What is hyperglycemia?
Often referred to as high blood sugar, hyperglycemia occurs when a person has abnormally high levels of glucose in the blood. Most of the time this happens when insulin levels are low or when insulin is not being used efficiently by the body. Symptoms include increased thirst, fatigue, and headaches, among others. For people with diabetes, hyperglycemia can be triggered by a diet heavy in carbohydrates, not enough exercise, or failure to take any necessary medications.

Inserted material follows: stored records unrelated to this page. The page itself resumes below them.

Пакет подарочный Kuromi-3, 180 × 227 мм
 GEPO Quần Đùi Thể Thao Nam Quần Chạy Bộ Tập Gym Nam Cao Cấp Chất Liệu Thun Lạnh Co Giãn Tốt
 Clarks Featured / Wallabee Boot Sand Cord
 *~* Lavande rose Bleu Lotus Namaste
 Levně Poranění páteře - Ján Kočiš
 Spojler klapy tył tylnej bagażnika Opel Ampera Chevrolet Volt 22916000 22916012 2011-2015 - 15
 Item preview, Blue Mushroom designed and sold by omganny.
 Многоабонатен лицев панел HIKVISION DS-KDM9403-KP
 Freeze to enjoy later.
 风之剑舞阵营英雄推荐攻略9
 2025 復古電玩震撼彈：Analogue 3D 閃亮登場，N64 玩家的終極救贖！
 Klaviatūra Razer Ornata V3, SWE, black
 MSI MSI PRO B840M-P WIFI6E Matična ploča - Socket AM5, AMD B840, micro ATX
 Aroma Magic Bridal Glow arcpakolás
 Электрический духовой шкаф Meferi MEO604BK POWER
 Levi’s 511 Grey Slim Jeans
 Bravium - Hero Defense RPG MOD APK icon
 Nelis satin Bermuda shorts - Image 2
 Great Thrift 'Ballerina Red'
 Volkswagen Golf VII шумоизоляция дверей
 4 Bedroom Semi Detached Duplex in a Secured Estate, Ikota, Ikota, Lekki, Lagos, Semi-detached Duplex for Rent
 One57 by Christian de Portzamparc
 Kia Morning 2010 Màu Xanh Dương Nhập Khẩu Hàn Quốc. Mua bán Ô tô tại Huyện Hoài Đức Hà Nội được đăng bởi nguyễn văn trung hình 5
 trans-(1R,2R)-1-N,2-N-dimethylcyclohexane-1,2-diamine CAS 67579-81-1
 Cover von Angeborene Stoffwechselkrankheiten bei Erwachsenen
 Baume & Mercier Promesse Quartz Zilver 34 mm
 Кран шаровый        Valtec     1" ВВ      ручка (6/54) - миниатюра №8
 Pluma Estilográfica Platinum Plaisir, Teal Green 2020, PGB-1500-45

Diabetes nutrition and meal planning
A diabetes diagnosis may mean learning about which foods affect your blood glucose levels, and the best ways to plan meals while broadening your knowledge of nutrition and health. Along with mindful and intuitive eating, these concepts are key to make sure you enjoy food while providing you with key nutritional information to help guide you on your journey with diabetes.
Frequently asked questions
Because we know there are just as many different questions about diabetes as there are different experiences for people living with diabetes, we’ve compiled some of the most frequently asked questions and topics not already covered in our other informational resources to help you quickly find answers to whatever questions you might have. And if you have a question that isn’t answered in our FAQ, let us know and we will do our best to give you the answers you seek.
Certified Diabetes Care and Education Specialist (CDCES)
A Certified Diabetes Care and Education Specialist (CDCES) is a credentialed health care professional (i.e. nurse, dietitian, pharmacist, physician, exercise physiologist, optometrist, mental health professional or other) who can collaborate with you and help you manage and thrive with diabetes. In order to obtain the CDCES credential, one must meet eligibility requirements including many hours of working directly with people living with diabetes and passing a comprehensive exam. CDCESs are an integral part of the health care team, and advocate for people who live with diabetes. Health care professionals, including CDCESs are active and essential members of the outstanding Omnipod team, providing support and education for people living with diabetes and their families.